Kecerdasan buatan (AI) telah menggunakan algoritmanya untuk menghidupkan karakter 'Aura' dengan cara yang sangat realistis. Ketiga gambar di atas sangat autentik, dengan setia menangkap gaya anime dan semua detail karakter. Model-model ini menggunakan teknik pembelajaran mesin tingkat lanjut dan pemrosesan gambar intensif untuk mereproduksi penampilan 'Aura' dengan cara yang sangat mirip dengan foto orang sungguhan.

Setiap detail karakter 'Aura' diperiksa dan direproduksi dengan cermat, mulai dari kemampuannya hingga ekspresi wajahnya , menghasilkan representasi virtual yang sangat realistis. Perhatian yang teliti terhadap detail ini meningkatkan pengalaman penonton saat mereka mengikuti petualangan karakter tersebut dalam anime.

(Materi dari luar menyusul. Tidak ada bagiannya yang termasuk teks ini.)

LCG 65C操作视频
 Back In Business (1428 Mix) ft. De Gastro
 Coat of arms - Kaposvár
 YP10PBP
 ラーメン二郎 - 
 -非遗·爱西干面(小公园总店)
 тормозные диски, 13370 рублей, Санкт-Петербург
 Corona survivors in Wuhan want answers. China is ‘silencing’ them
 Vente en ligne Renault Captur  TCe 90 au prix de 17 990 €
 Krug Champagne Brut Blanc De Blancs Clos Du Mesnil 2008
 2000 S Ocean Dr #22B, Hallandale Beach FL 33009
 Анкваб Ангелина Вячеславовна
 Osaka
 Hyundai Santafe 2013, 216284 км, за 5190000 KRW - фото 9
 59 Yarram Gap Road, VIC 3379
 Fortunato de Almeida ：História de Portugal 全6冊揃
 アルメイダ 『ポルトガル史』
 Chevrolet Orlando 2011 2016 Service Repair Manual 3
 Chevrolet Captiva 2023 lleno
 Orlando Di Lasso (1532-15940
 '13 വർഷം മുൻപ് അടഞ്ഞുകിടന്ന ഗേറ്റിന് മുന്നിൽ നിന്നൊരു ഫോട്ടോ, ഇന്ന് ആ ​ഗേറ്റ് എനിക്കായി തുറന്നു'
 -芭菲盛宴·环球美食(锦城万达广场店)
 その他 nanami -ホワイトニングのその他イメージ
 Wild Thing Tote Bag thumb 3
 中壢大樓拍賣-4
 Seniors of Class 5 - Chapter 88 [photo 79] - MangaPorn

Tentang Aura: Aura, juga dikenal sebagai Aura sang Guillotine , adalah antagonis utama dalam serial manga dan anime petualangan Frieren: Beyond Journey's End. Dia adalah anggota Tujuh Orang Bijak Penghancur, para pelayan utama Raja Iblis. Setelah kematian Raja Iblis, dia mengirim para pelayannya sendiri, Lügner, Linie, dan Draht, untuk mengepung warga sipil di Wilayah Graf Granat, menghapus penghalang yang melindungi kota tersebut.
Ringkasan:
Segera setelah kekalahan raja iblis, kelompok pahlawan yang menang kembali ke rumah, siap untuk berpisah. Frieren, sang penyihir, Himmel, sang pahlawan, Heiter, sang pendeta, dan Eisen, sang prajurit, mengenang perjalanan mereka selama satu dekade saat tiba waktunya untuk mengucapkan selamat tinggal.
Pada akhirnya, keseluruhan karya ini didasarkan pada manga yang ditulis oleh Kanehito Yamada dan diilustrasikan oleh Tsukasa Abe. Manga ini telah dimuat secara berseri di Weekly Shōnen Sunday milik Shogakukan sejak April 2020.
Selain itu, episode Sousou no Frieren tersedia di Crunchyroll dengan subtitle bahasa Portugis.
Berikan komentar di bawah tentang pendapat Anda mengenai gambar-gambar yang dihasilkan oleh kecerdasan buatan (AI) dan apakah Anda menonton anime Elfa. WhatsApp kami – sampai jumpa di sana!